In this age of customer satisfaction surveys and online provider review sites, that philosophy is woefully out of date. The best healthcare organizations genuinely believe that it's their privilege to serve, not the patient's privilege to walk in the door. And no amount of technological wizardry is going to have much of an impact without this core value.
But even in customer-savvy hospitals and practices that really love their patients, tech tools are no magic bullet. Some providers are placing their bets on mobile apps or active video games--think Wii--to foster wellness and lifestyle changes, encouraging patients to participate in "exergames" to lose weight and improve their cardiovascular system, for example. In theory, that approach should work, but research suggests otherwise.
A case in point: Studies done in a controlled laboratory setting have suggested that such active gaming does encourage adults and children to exercise more. But when Tom Baranowski, from the Baylor College of Medicine, and his colleagues put this theory to the test in the real world, they were disappointed.
When they divided a group of overweight children into two groups, one given access to video games requiring lots of exercise and the other given couch potato games, there wasn't any difference in activity levels between the groups over time.
Similarly, vendors such as Happtique might be too optimistic about the value of mobile technology. Happtique, which offers a mobile health application store aimed primarily at healthcare providers, plans to launch an mRx program that will give hospitals and physicians a mechanism for prescribing mHealth apps to patients. Following a two-month pilot this summer, the company expects to launch its patent-pending mRx technology in the marketplace.
Many providers are ready for mRx now, said Ben Chodor, CEO of Happtique, in an interview with InformationWeek Healthcare, but they lack a mechanism to prescribe apps to patients. "Today, if you asked a doctor for an app, he'd suggest a few websites or maybe send you to iTunes or Google Play. There's no mechanism for a doctor to deliver an app to your inbox with a couple of clicks."
Services such as Happtique have real potential to improve patient involvement in their own care, but the bigger issue is whether patients will stick to any wellness or therapeutic regimen outlined in a mobile health app once the novelty wears off. The public's attention span is short.
Patient engagement vendors such as Eliza Corporation have a more reliable approach. Eliza uses interactive voice response (IVR) technology to motivate patients and improve compliance with prescribed medical regimens. And although many consumers don't like talking to a computerized voice over the phone, Eliza's sophisticated algorithms have to some extent overcome that resistance.
To test the value of Eliza's technology, investigators from Humana, AstraZenaca, and HealthMedia, the digital health coaching company owned by Johnson and Johnson, used IVR, coupled with tailored print messages, to encourage patients on lipid-lowering statins to adhere to their medication regimen. Patients were initially surveyed by automated phone calls to determine what barriers stood in the way of medication adherence.
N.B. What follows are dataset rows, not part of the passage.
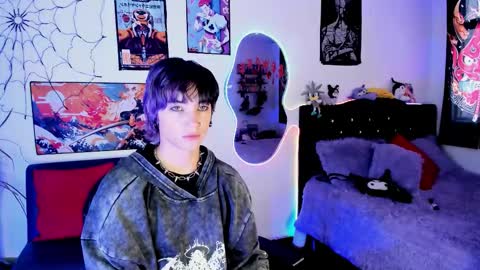 xzerox_ online show from March 17, 9:28 pm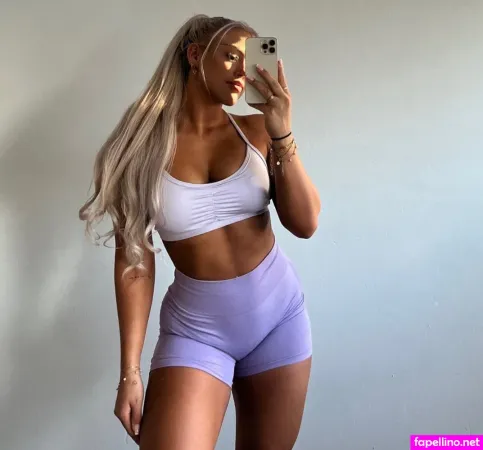 Julia Leonie OnlyFans Thumbnail #988ItwFa3K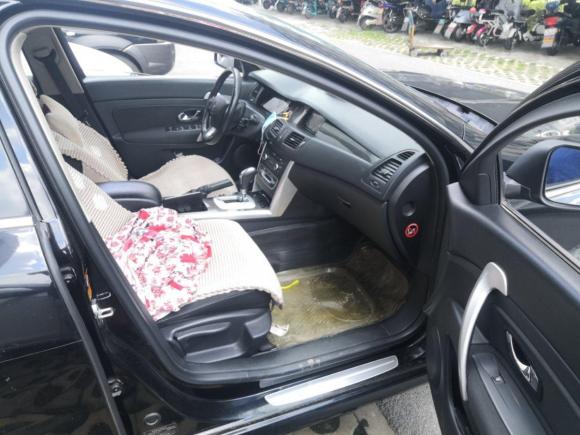 [合肥·皖A] 二手雷诺纬度2013款 改款 2.0L CVT舒适版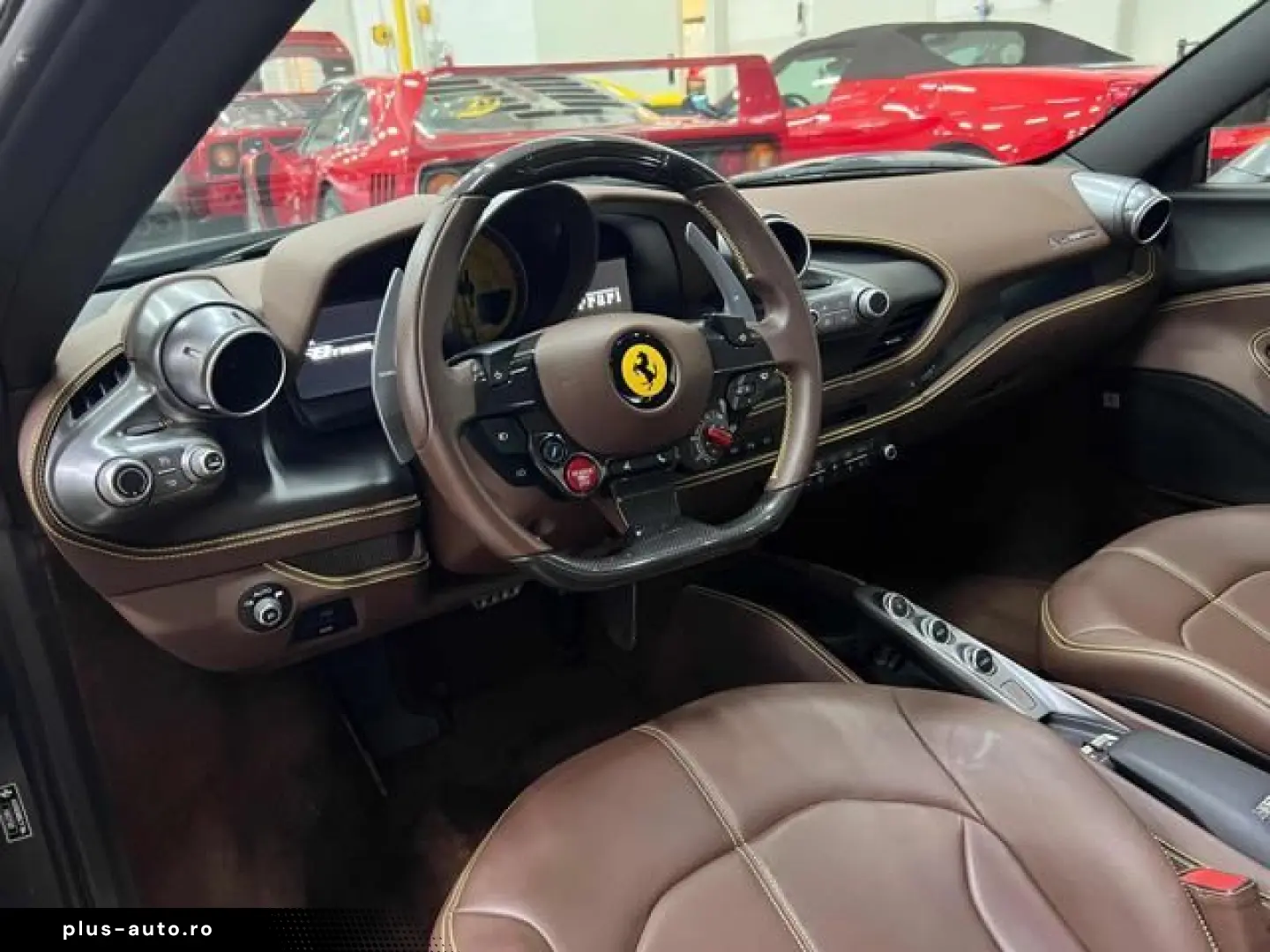 FERRARI F8 CARBON LIFT CARPLAY SURROUND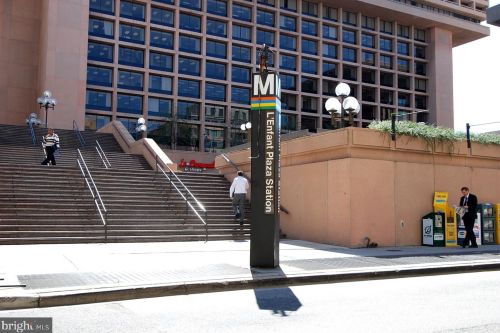 803 Delaware Ave, Washington DC  20024-4207 exterior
Then they were divided into two groups of 200+ patients each, with an experimental group given tailored feedback and encouragement based on how they responded to the survey, followed by tailored print materials. Control patients received generic phone advice and print materials on cholesterol control. Patients receiving customized advice were more likely to take their medication over time.
Similar studies suggest that IVR can benefit patients with diabetes and hypertension, and improve compliance with fecal occult blood testing, which can help detect colorectal cancer.
Mike the mechanic might know next to nothing about servers, networks, or mobile technology, but his insights on human nature are nonetheless worth remembering. Snap judgment is no substitute for thoughtful analysis.